## [What the task requires]
Everything from the line that contains "beautiful Naga staircase" through the last line below should be transcribed exactly, except the pictures.
========================================
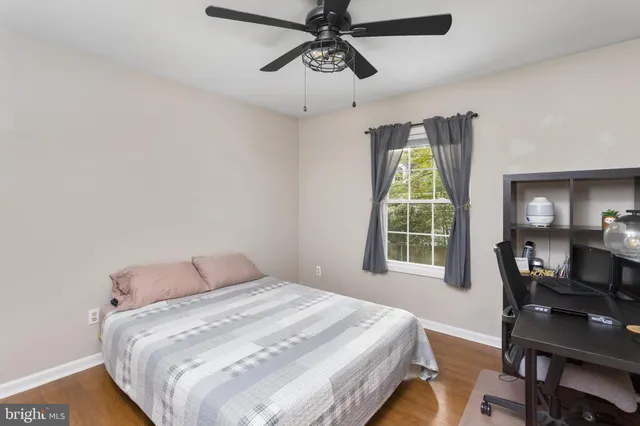 a bedroom with a bed and a desk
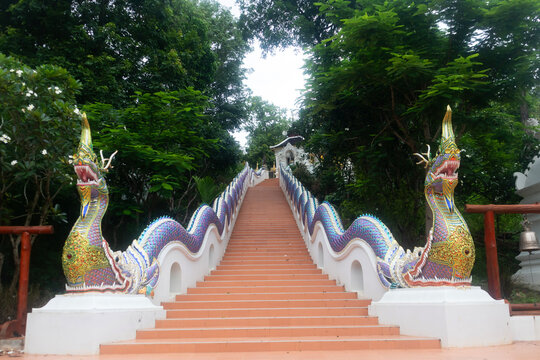 beautiful Naga staircase from a temple in the middle of a forest in Thailand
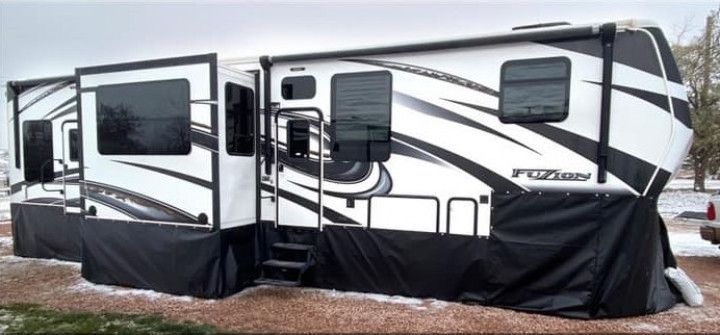 White and black RV trailer with extended slide-outs and black skirting parked on muddy ground.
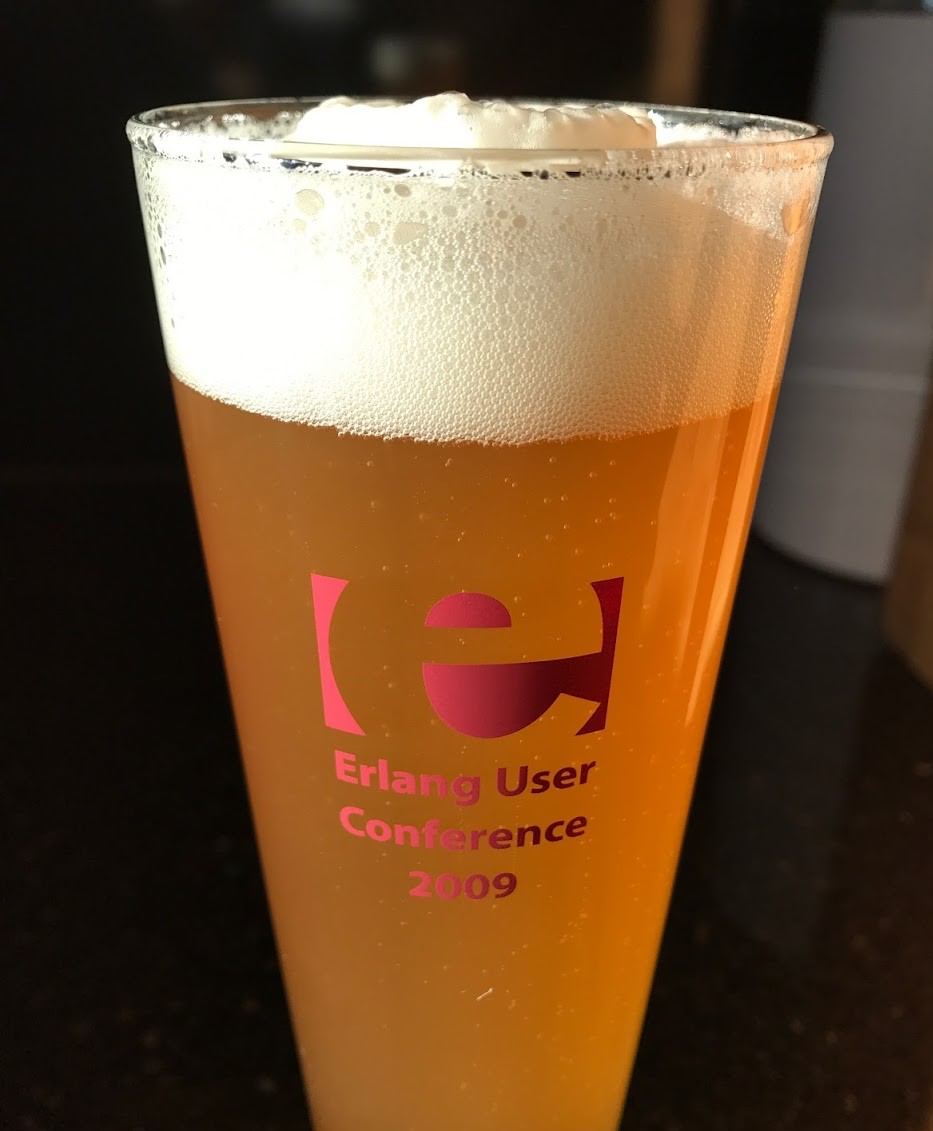 A beer
  glass with an Erlang logo.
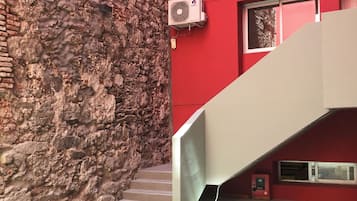 Una escalera que conduce a un edificio rojo con un muro de piedra a un lado.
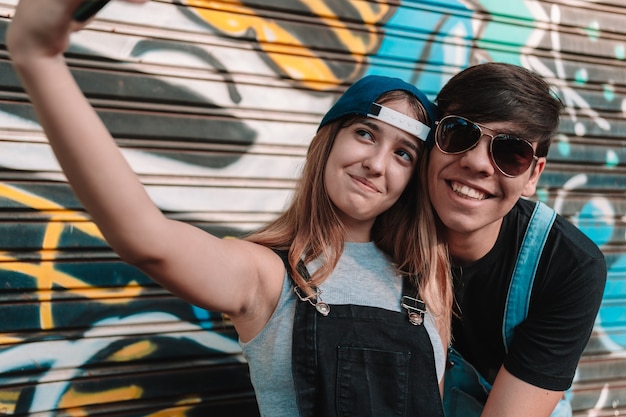 Couple d'adolescents cool prenant un selfie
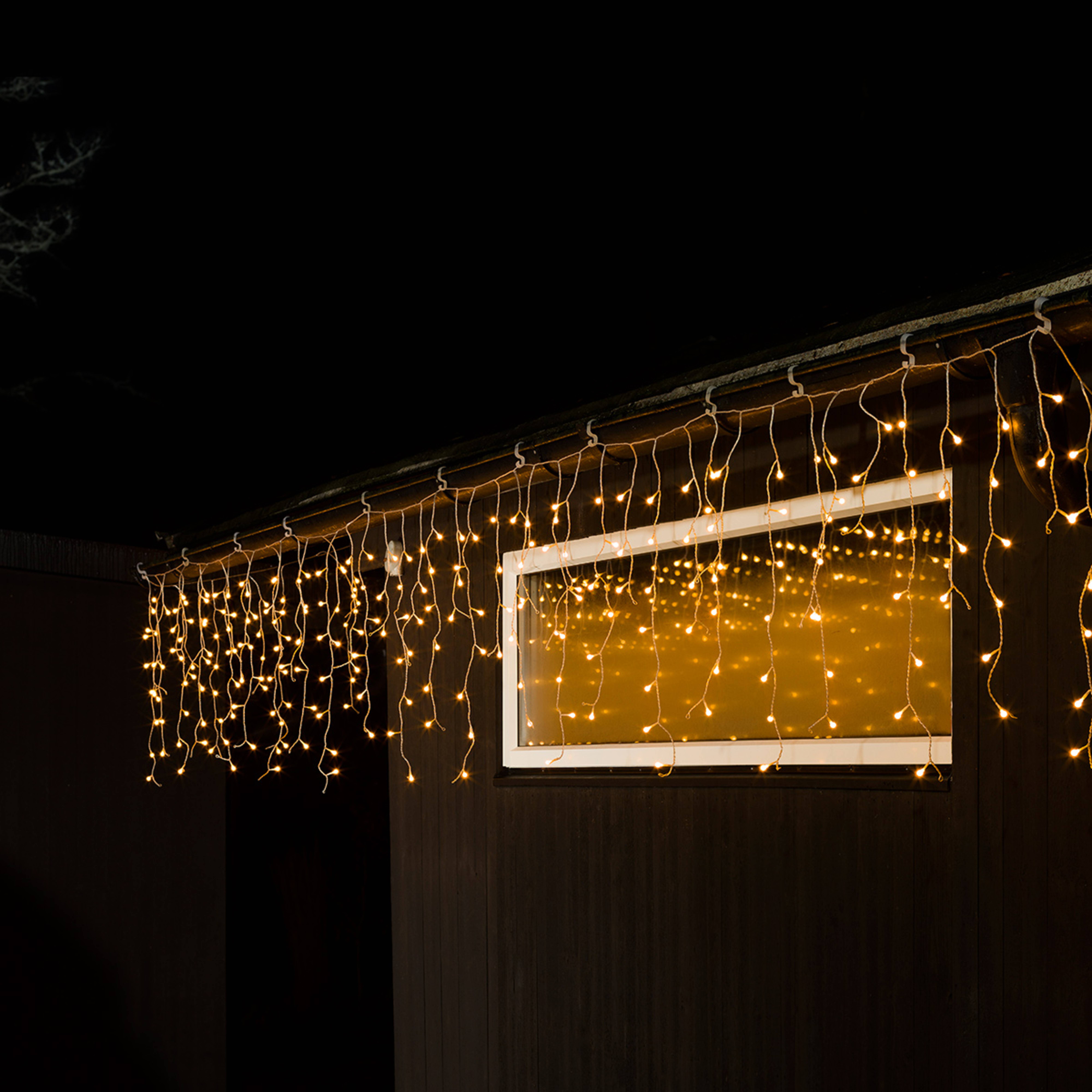 Cortina de luces LED lluvia de hielo blanco cálido transp. 10m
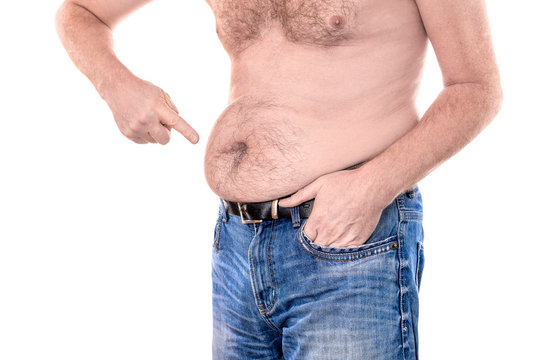 Young topless man points with forefinger to his fat stomach belly button islolated on white background - concept getting rid of belly fat, overweight, diet, lifestyle, health, weight loss or gain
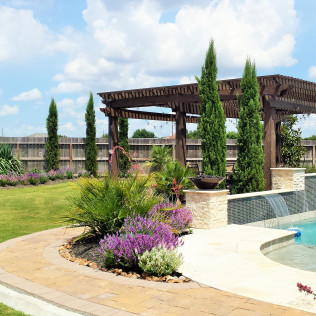 Poolside pergola with cypress trees, landscaping, and water feature.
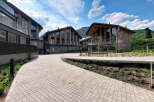 Discover modern living in this stunning architectural complex, featuring contemporary buildings with unique curved roofs and expansive glass facades.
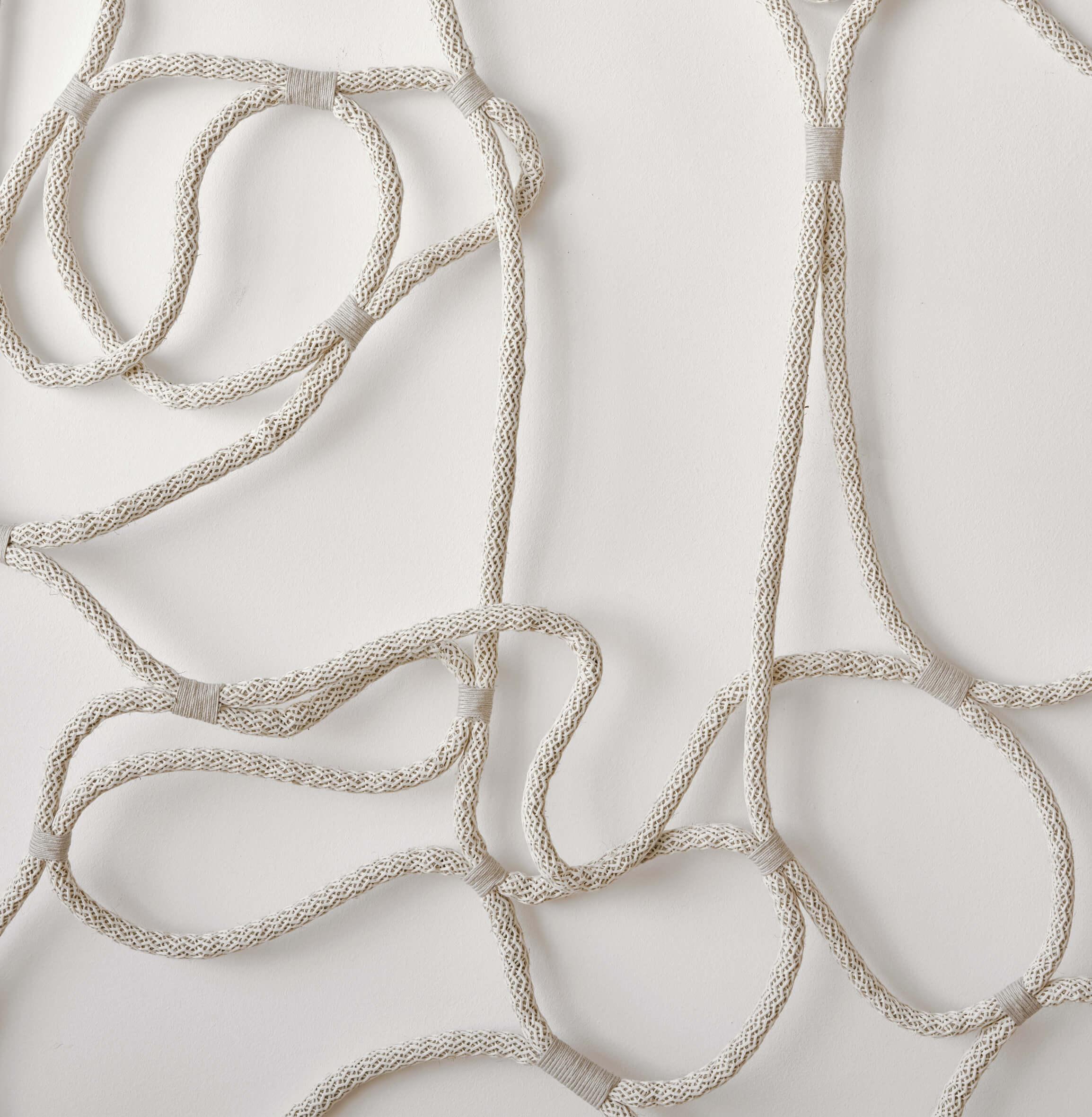White shibari ropes on a white background which are used in kink and bdsm acts of bondage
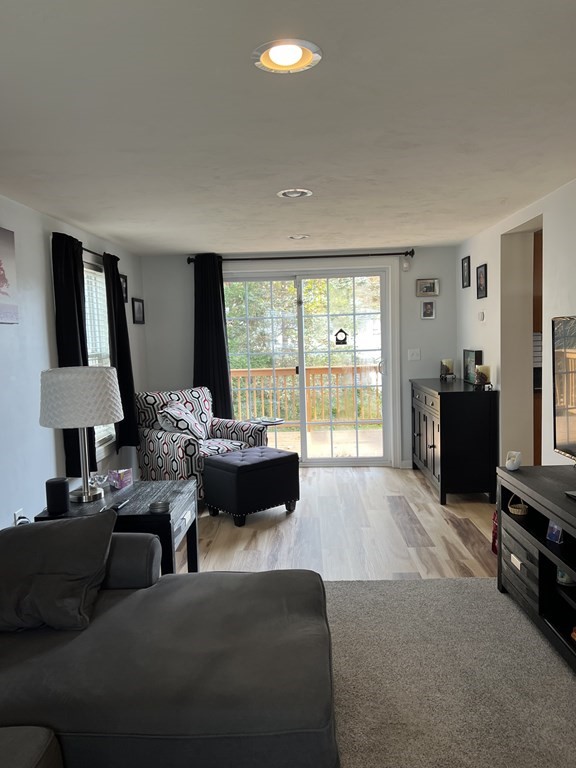 34 Colonial Road Webster, MA 01570 - Photo 13 of 35 a living room with furniture and a flat screen tv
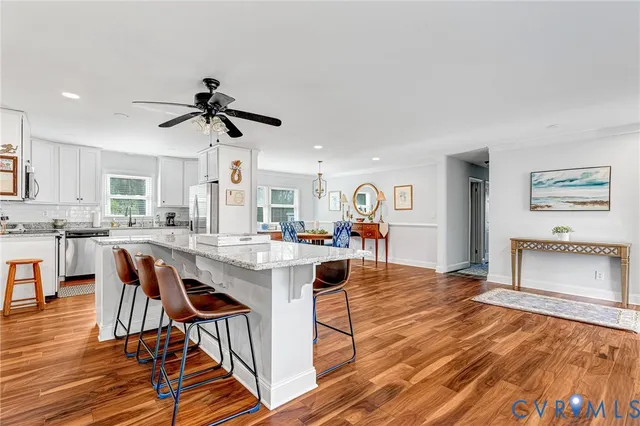 a kitchen with stainless steel appliances kitchen island granite countertop a table and chairs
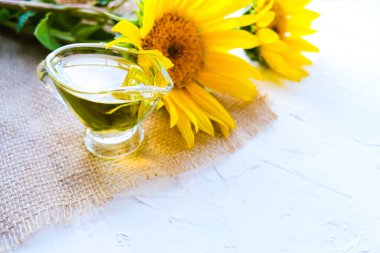 Ayçiçeği yağı cam tencereye döküldü. Çiçeklerin yanında. beyaz arkaplan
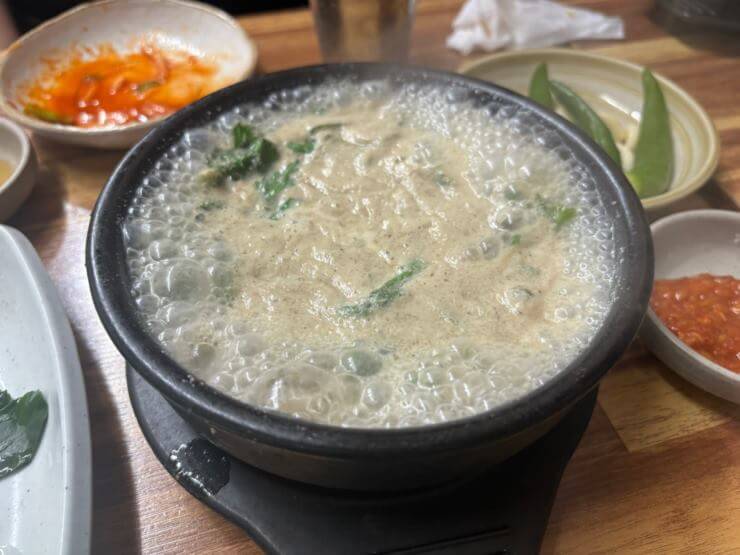 뚝배기가 끓고 있고, 뚝배기 안에 음식은 국물과 쑥이 있다.
국물은 갈색을 띄고 있고 국물 사이로 초록색 쑥이 보인다.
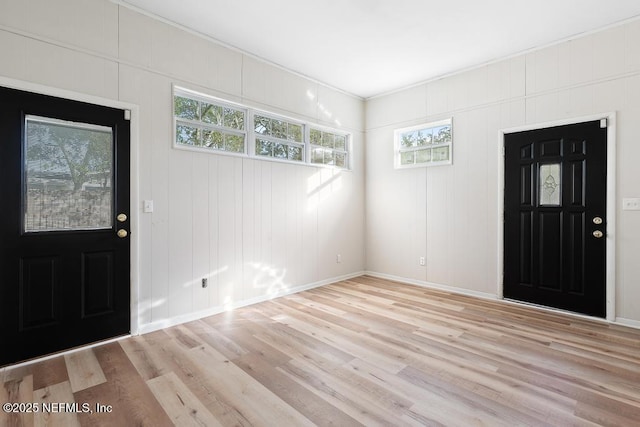 foyer entrance featuring light hardwood / wood-style floors and ornamental molding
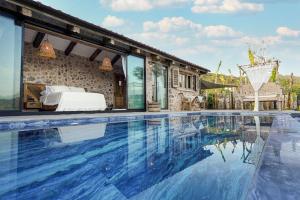 a villa with a swimming pool and a bed at Ada Dreams History - Adults Only in Fethiye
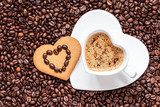 Heart shaped cup and cookie on coffee beans background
========================================
## [Reply]
 beautiful Naga staircase from a temple in the middle of a forest in Thailand
 White and black RV trailer with extended slide-outs and black skirting parked on muddy ground.
 A beer
  glass with an Erlang logo.
 Una escalera que conduce a un edificio rojo con un muro de piedra a un lado.
 Couple d'adolescents cool prenant un selfie
 Cortina de luces LED lluvia de hielo blanco cálido transp. 10m
 Young topless man points with forefinger to his fat stomach belly button islolated on white background - concept getting rid of belly fat, overweight, diet, lifestyle, health, weight loss or gain
 Poolside pergola with cypress trees, landscaping, and water feature.
 Discover modern living in this stunning architectural complex, featuring contemporary buildings with unique curved roofs and expansive glass facades.
White shibari ropes on a white background which are used in kink and bdsm acts of bondage
 34 Colonial Road Webster, MA 01570 - Photo 13 of 35 a living room with furniture and a flat screen tv
 a kitchen with stainless steel appliances kitchen island granite countertop a table and chairs
 Ayçiçeği yağı cam tencereye döküldü. Çiçeklerin yanında. beyaz arkaplan
 뚝배기가 끓고 있고, 뚝배기 안에 음식은 국물과 쑥이 있다.
국물은 갈색을 띄고 있고 국물 사이로 초록색 쑥이 보인다.
 foyer entrance featuring light hardwood / wood-style floors and ornamental molding
 a villa with a swimming pool and a bed at Ada Dreams History - Adults Only in Fethiye
 Heart shaped cup and cookie on coffee beans background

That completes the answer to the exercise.